* Task statement
Take the lines below beginning at the line that has "Buy this Australian" and stopping after the line that has "Open Center SQUARED", and print them exactly as they are, with no other lines.

* Data excerpts

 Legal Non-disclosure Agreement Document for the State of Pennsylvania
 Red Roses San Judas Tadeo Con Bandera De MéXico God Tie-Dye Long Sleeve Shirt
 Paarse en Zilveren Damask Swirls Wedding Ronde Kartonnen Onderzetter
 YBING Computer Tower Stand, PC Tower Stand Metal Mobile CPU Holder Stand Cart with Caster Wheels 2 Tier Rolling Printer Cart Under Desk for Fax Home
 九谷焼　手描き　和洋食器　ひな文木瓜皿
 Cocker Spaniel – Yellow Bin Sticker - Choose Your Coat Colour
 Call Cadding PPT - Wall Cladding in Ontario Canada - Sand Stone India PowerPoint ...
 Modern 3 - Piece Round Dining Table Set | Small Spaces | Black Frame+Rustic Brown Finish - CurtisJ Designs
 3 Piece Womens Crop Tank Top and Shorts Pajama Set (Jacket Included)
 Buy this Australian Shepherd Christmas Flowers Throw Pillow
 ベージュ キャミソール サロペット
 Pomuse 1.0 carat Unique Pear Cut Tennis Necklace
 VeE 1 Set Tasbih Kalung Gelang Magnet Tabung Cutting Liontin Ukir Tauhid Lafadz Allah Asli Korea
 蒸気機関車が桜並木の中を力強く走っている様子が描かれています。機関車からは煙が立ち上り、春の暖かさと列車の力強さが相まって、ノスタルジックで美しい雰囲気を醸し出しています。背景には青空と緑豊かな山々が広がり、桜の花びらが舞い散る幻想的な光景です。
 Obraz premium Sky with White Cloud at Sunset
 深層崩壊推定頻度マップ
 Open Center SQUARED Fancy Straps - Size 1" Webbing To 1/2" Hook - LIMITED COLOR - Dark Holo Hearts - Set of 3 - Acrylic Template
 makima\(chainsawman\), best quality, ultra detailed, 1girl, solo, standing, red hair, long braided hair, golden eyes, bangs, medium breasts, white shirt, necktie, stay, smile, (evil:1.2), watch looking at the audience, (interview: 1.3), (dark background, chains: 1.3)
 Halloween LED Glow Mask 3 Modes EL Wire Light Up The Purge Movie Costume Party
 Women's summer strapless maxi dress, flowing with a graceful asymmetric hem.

* Written response
 Buy this Australian Shepherd Christmas Flowers Throw Pillow
 ベージュ キャミソール サロペット
 Pomuse 1.0 carat Unique Pear Cut Tennis Necklace
 VeE 1 Set Tasbih Kalung Gelang Magnet Tabung Cutting Liontin Ukir Tauhid Lafadz Allah Asli Korea
 蒸気機関車が桜並木の中を力強く走っている様子が描かれています。機関車からは煙が立ち上り、春の暖かさと列車の力強さが相まって、ノスタルジックで美しい雰囲気を醸し出しています。背景には青空と緑豊かな山々が広がり、桜の花びらが舞い散る幻想的な光景です。
 Obraz premium Sky with White Cloud at Sunset
 深層崩壊推定頻度マップ
 Open Center SQUARED Fancy Straps - Size 1" Webbing To 1/2" Hook - LIMITED COLOR - Dark Holo Hearts - Set of 3 - Acrylic Template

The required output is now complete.